Uma das principais propostas da chapa 1 é a unificação dos planos da Previ, com a migração dos associados do Previ Futuro para o Plano 1. Embora a ideia possa parecer interessante, quem conhece a Previ sabe que essa unificação prejudica os participantes dos dois planos e, de imediato, favorece o Banco do Brasil, que teria grandes ganhos a custas dos bancários.
“Quem faz essa proposta de unificação não conhece a Previ”, afirma o diretor de Seguridade da Previ, José Ricardo Sasseron, que também foi diretor do Sindicato dos Bancários de São Paulo.
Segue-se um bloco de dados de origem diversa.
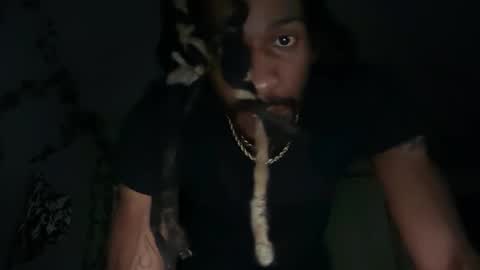 Snapshot of therealferrarii chatting on 05.19.26 therealferrarii online show from 05.19.26
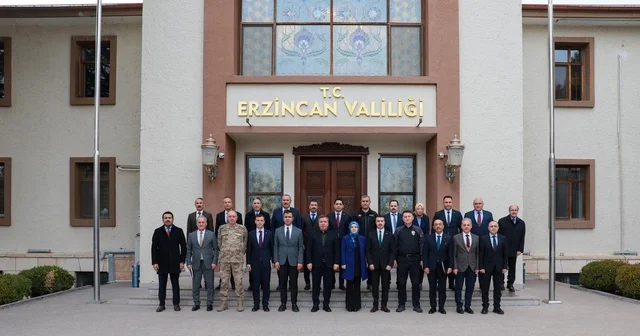 Vali Aydoğdu başkanlığında 29. Birim Amirleri Toplantısı yapıldı Erzincan Haberleri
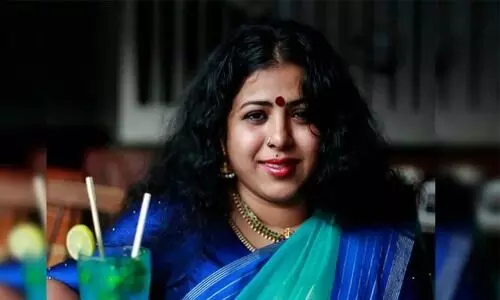 സാഹിത്യ അക്കാദമി ലൈംഗിക പീഡകർക്കൊപ്പം, മന്ത്രിക്കും സർക്കാറിനും കത്ത് നൽകിയിട്ടും വിലവെച്ചില്ല, സാഹിത്യോത്സവം ബഹിഷ്കരിച്ച് ഇന്ദുമേനോൻ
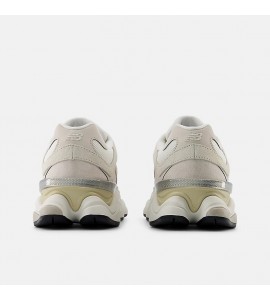 NEW BALANCE UNISEX U9060WHT SEA SALT con MOONBEAM e Turtledove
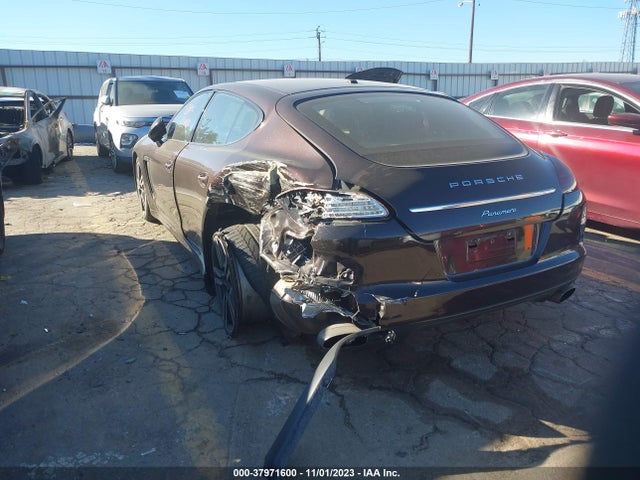 2011 PORSCHE PANAMERA WP0AA2A78BL019339 Photo 2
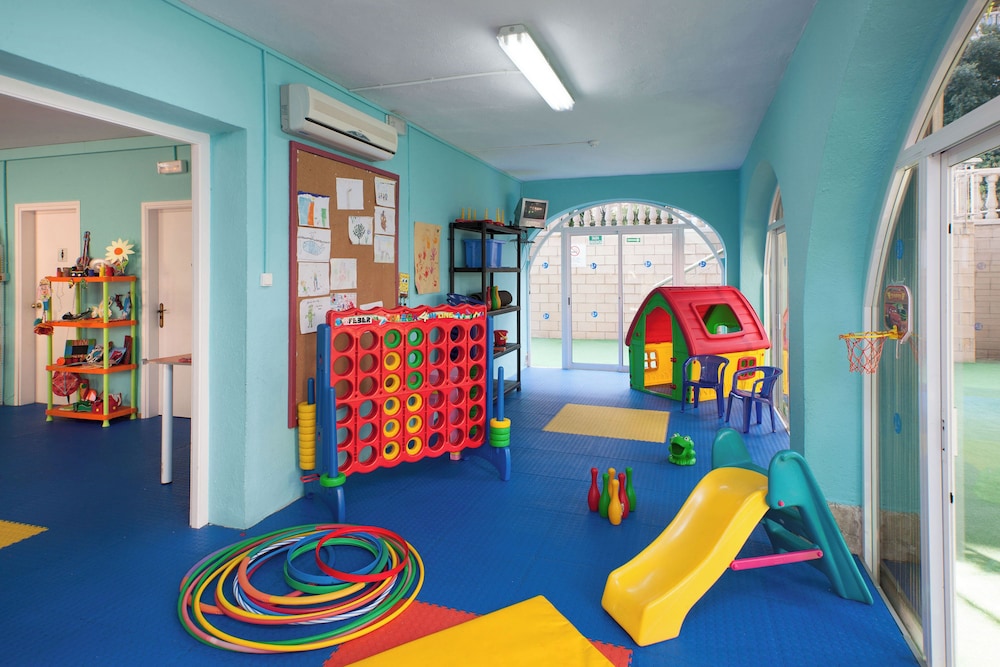 Children's play area - indoor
Segundo Sasseron, no Previ Futuro (Contribuição Variável) os compromissos do plano são a soma das reservas já acumuladas individualmente por cada associado, enquanto que no Plano 1 (Benefício Definido), os compromissos representam a soma dos benefícios futuros de cada associado, contabilizados antecipadamente.
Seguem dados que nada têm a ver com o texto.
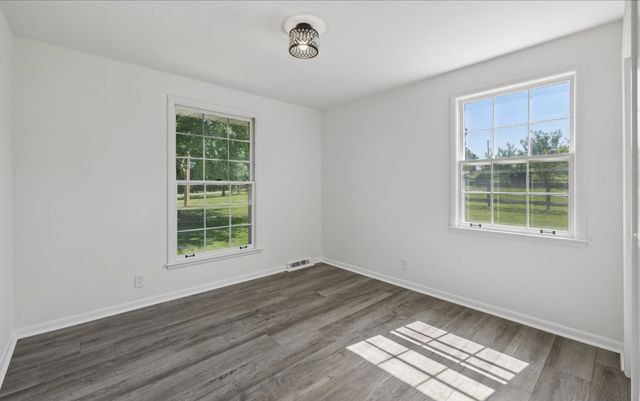 920 Clearview Rd, Cottontown, TN 37048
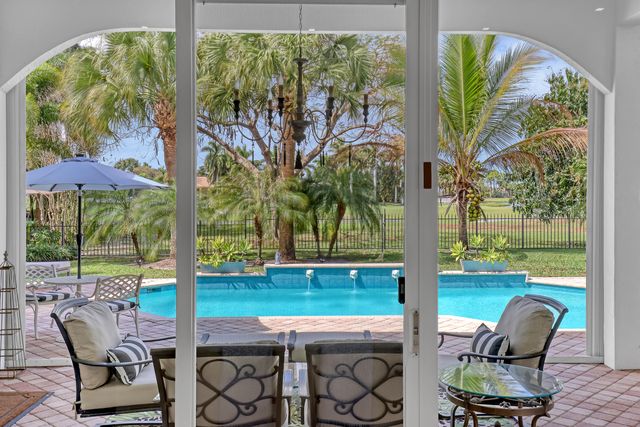 7807 Ironhorse Boulevard, West Palm Beach, FL 33412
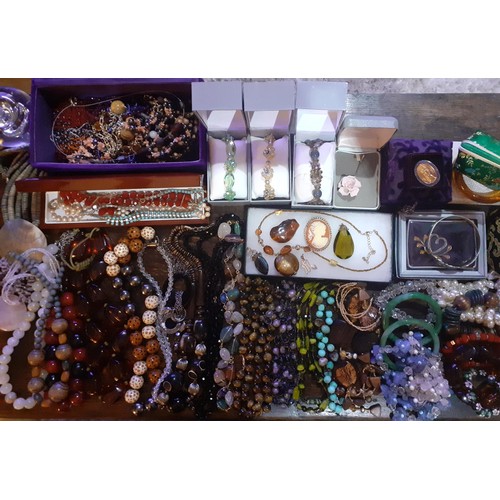 115A - A quantity of fashion jewellery, mainly modern bead necklaces together with a glass paperweight, all... 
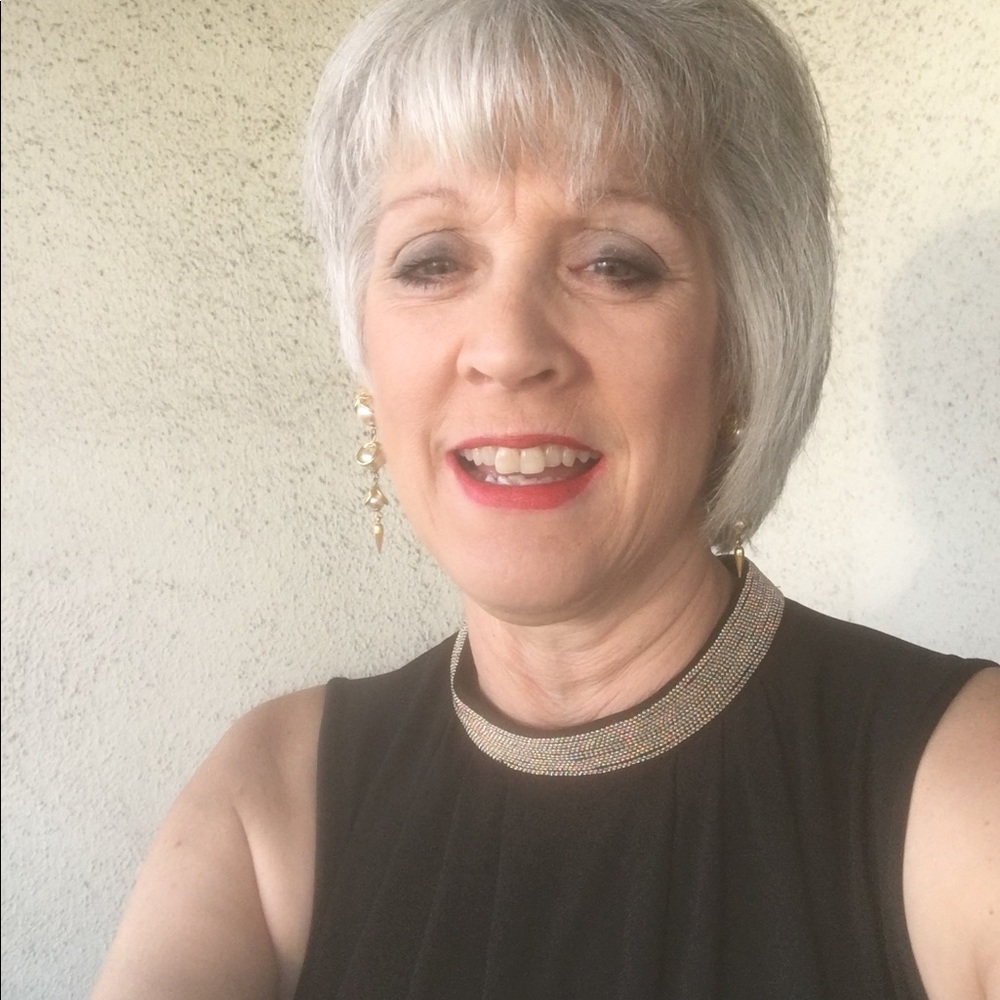 Meet your Posher, Lisa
“Se incorporarmos os 52 mil associados do Previ Futuro ao Plano 1, os compromissos deste plano crescerão, o superávit será utilizado para cobri-los e as contribuições hoje suspensas serão retomadas, não só as do associado, mas também as do banco”, explica Sasseron, manifestando seu apoio à Chapa 3.
Os associados do Plano 1 perderiam também a oportunidade de utilizar o superávit para melhorar seus benefícios.“A proposta de unificação joga trabalhador contra trabalhador. Em nossos planos de previdência devemos exigir recursos do patrocinador Banco do Brasil, e não disputar recursos dos demais participantes”, afirma Sasseron.
Além disso, em um plano de contribuição variável como o Previ Futuro, toda a rentabilidade das aplicações é revertida para a poupança do associado. Num plano BD como o Plano 1, os excedentes poderão ser divididos com o banco, por força de uma legislação que está sendo combatida pelos sindicatos na Justiça.